La teoría me la sé. Y los tópicos también. Que si “la fiesta del fútbol canario”, que si “el duelo de las dos orillas”, que si “el partido más especial del curso”... Cualquier cliché es válido, pero mentiría si dijera que me emociona el próximo derbi canario. Porque miro la clasificación y me preocupo. Y miro el calendario y me preocupo más. Y siento decirlo, pero con el fútbol, y aún más con el Tenerife, la preocupación y la ilusión son incompatibles.
Y el Tenerife 18-19 ofrece más argumentos para la preocupación que para la ilusión. El viernes, ante el Extremadura, por ejemplo, repitió un ejercicio similar a los ofrecidos ante Lugo o Albacete en las últimas semanas. Y obtuvo el mismo resultado: empate a cero. ¿El resumen? Actitud irreprochable, juego aceptable, control del partido creciente, más de veinte remates... y ningún gol. Y esta síntesis puede aplicarse al partido del viernes y a los choques ante Lugo o Albacete.
Eso sí, contra el Extremadura se encontró con un enemigo inesperado como De la Fuente Ramos, que ignoró un claro penalti a Joao. Antes de que me linchen –en el único lugar en el que está mal visto denunciar los errores arbitrales contra el equipo de la tierra– aclaro que la clave de la irregular trayectoria blanquiazul no está en los errores arbitrales, sino en la falta de gol. Y hasta añado más argumentos para la preocupación: estamos hablando de la mejor versión del Tenerife.
Porque el Tenerife que me preocupa es el Tenerife bueno, el del Heliodoro. Como visitante, a la nula puntería que muchas veces ofrece en la isla añade unas buenas dosis de conservadurismo, una actitud mejorable y menor presencia en el área adversaria. O lo que es lo mismo: razones para que la preocupación se convierta en pánico. “Vamos a sufrir lo que no está escrito”, ha advertido Oltra, al que le sobran conocimientos y experiencia. Pues eso. Háganle caso a los que saben.

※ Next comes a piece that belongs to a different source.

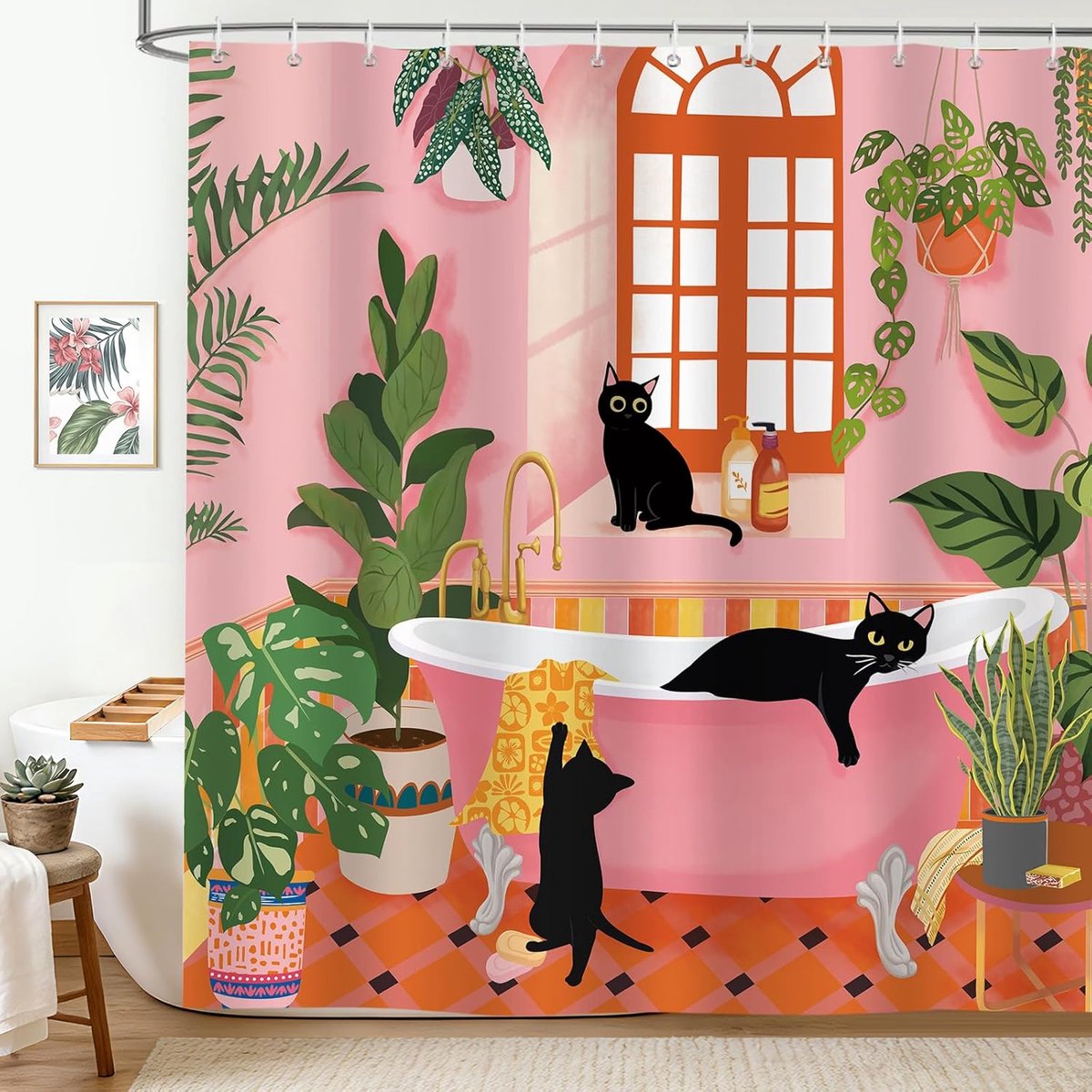 Douchegordijn 180 x 180 cm - Retro Zwarte Kat - Tropische Planten Groen - Waterdicht en Machinewasbaar - ShopVlot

Advertencia: tampoco soy un talibán y el próximo domingo a las cinco de la tarde tengo previsto ver por televisión el Las Palmas-Tenerife. Pero no me pidan que esté ilusionado. Ni que esté una semana con ganas de que llegue un partido que, eso sí, reconozco que tiene alguna peculiaridad que lo hace singular. Y la primera, su escasa frecuencia: en sesenta años de rivalidad, Tenerife y Las Palmas han coincidido menos de veinte temporadas en la misma categoría.
Además, el derbi canario también es distinto por la frontera que separa a ambas aficiones: el mar. Y eso hace que sus seguidores no se mezclen. Es obvio que hay chichas en Gran Canaria y canariones cerca del Teide, pero el territorio blanquiazul y el amarillo están bien delimitados, algo que no ocurre en un Sevilla-Betis, un Madrid-Atleti o –ahora que nos hemos vuelto un poco argentinos– un Boca-River, pues los seguidores de cada equipo comparten barrios, calles y hasta casas.
Lo dicho: la teoría me la sé, pero ganas de derbi no tengo. Lo siento.